> **WHAT YOU WILL DO**
Wherever "Stock" turns up in the entries, copy out the line that holds it.

>>>

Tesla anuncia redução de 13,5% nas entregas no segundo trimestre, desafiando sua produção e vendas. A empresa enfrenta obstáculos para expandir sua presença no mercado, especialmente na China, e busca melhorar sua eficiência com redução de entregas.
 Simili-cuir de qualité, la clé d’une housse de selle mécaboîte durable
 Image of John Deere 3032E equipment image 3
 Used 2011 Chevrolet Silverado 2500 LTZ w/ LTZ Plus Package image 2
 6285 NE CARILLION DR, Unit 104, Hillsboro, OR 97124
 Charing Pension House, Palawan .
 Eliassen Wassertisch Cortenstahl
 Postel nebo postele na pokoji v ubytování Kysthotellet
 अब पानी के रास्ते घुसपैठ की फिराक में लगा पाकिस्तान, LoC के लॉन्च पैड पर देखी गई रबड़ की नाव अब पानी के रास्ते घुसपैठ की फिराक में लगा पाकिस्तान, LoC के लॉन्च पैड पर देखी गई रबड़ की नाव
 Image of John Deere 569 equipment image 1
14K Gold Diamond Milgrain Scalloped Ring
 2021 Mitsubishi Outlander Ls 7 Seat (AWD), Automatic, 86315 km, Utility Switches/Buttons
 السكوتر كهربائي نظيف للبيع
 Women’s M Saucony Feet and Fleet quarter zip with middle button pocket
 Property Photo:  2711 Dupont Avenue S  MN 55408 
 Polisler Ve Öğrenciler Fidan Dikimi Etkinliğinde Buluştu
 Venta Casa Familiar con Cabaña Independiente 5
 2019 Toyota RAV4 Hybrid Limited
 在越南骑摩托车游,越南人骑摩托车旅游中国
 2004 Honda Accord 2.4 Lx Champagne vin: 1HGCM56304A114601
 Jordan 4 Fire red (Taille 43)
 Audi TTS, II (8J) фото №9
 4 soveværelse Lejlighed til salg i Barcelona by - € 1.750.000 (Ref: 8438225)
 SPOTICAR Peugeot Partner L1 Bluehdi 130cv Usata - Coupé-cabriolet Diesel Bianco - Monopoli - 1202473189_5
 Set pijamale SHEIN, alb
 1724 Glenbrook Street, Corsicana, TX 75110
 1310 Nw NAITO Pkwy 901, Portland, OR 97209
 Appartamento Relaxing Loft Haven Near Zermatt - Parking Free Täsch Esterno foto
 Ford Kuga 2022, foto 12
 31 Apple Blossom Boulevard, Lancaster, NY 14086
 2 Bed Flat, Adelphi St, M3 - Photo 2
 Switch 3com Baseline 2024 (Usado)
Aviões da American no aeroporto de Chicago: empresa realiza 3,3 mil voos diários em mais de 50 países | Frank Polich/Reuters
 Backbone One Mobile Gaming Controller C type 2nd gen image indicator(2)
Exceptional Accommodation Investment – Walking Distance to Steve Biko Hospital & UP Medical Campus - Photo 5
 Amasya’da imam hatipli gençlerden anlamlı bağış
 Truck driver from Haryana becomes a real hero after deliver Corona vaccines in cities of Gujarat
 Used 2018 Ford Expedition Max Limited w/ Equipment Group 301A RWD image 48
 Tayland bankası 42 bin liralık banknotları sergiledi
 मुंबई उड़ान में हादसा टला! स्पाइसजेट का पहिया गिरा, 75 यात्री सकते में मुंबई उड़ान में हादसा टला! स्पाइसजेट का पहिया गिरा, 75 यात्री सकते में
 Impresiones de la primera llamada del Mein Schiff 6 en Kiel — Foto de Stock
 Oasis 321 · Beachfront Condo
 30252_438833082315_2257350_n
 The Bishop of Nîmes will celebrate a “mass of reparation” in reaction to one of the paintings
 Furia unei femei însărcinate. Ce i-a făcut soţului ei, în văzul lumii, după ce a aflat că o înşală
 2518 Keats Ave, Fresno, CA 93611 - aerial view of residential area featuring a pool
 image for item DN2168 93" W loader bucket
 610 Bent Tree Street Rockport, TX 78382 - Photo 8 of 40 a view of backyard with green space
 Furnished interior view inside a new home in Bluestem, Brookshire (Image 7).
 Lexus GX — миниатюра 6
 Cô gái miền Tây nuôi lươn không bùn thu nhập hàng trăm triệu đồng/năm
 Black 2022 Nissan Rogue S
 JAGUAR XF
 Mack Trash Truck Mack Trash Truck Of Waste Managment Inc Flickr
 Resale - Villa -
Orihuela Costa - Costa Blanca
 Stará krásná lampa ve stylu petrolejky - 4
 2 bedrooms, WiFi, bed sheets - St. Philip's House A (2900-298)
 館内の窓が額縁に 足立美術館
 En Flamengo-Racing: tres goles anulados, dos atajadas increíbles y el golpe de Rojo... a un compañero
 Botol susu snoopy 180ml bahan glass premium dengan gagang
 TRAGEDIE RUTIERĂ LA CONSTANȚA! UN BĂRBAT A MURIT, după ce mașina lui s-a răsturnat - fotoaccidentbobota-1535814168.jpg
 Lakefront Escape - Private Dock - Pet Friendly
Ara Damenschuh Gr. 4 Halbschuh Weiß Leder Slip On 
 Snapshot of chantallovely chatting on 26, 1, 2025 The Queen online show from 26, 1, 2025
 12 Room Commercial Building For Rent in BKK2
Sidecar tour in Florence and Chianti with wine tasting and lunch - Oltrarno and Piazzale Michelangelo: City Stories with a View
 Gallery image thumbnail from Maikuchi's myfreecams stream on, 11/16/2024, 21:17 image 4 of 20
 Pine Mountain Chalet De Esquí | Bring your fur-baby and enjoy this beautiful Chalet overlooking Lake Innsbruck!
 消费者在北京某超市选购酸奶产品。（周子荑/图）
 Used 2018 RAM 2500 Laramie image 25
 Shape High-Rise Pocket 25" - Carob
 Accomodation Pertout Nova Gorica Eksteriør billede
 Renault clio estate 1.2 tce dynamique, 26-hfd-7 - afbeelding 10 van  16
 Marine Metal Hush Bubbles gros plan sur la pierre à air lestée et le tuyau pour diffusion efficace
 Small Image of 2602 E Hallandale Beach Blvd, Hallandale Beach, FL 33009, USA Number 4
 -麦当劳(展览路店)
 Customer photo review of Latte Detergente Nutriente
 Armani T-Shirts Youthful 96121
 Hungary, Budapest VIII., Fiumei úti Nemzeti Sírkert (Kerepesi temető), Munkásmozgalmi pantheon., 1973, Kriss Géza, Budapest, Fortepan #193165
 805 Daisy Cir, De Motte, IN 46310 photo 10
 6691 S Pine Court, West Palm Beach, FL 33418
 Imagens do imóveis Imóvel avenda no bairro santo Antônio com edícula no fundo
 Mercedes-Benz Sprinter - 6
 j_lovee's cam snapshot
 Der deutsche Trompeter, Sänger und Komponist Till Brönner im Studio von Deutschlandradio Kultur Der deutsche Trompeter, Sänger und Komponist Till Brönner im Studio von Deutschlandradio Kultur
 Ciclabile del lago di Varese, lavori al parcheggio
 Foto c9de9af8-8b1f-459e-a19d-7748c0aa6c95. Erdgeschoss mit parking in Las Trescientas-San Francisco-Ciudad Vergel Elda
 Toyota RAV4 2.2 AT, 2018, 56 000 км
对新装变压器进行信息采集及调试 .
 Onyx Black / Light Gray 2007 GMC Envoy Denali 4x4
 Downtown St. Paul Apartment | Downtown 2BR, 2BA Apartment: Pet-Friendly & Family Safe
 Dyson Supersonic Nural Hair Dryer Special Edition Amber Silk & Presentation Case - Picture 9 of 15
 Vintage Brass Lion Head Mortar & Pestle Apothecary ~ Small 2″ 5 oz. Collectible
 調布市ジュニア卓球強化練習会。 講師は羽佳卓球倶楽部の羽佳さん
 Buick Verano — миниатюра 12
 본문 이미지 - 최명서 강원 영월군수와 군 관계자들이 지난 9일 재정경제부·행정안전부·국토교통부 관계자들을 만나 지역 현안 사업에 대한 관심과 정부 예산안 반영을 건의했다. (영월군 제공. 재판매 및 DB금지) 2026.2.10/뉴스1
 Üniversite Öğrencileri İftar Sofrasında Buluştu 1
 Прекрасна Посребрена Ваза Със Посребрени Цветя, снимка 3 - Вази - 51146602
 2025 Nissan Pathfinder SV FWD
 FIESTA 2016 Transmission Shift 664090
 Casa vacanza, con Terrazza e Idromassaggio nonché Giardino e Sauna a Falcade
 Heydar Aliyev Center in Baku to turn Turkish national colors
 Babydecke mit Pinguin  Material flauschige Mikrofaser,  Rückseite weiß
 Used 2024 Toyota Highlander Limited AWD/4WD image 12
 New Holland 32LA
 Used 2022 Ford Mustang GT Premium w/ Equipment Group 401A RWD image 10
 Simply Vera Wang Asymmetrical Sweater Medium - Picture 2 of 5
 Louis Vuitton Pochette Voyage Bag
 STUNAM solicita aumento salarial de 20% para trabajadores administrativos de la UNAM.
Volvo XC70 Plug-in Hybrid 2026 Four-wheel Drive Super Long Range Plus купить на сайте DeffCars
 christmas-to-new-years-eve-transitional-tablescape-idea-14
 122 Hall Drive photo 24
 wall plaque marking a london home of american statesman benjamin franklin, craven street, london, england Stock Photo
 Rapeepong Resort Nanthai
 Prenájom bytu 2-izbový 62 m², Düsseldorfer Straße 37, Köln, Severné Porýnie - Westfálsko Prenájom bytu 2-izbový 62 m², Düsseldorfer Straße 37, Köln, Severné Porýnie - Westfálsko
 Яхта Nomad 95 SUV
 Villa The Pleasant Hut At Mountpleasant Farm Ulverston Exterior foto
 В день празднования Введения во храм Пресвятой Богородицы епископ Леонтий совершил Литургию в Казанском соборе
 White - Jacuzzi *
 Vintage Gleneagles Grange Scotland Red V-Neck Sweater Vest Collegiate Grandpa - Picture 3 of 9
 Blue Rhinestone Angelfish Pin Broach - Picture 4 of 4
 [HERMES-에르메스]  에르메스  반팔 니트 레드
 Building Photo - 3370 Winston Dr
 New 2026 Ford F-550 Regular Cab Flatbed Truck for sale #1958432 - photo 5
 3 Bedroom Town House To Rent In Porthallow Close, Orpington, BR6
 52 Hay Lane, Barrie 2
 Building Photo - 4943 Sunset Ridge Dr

<<<

> **RESULT BELOW**
 Impresiones de la primera llamada del Mein Schiff 6 en Kiel — Foto de Stock
 wall plaque marking a london home of american statesman benjamin franklin, craven street, london, england Stock Photo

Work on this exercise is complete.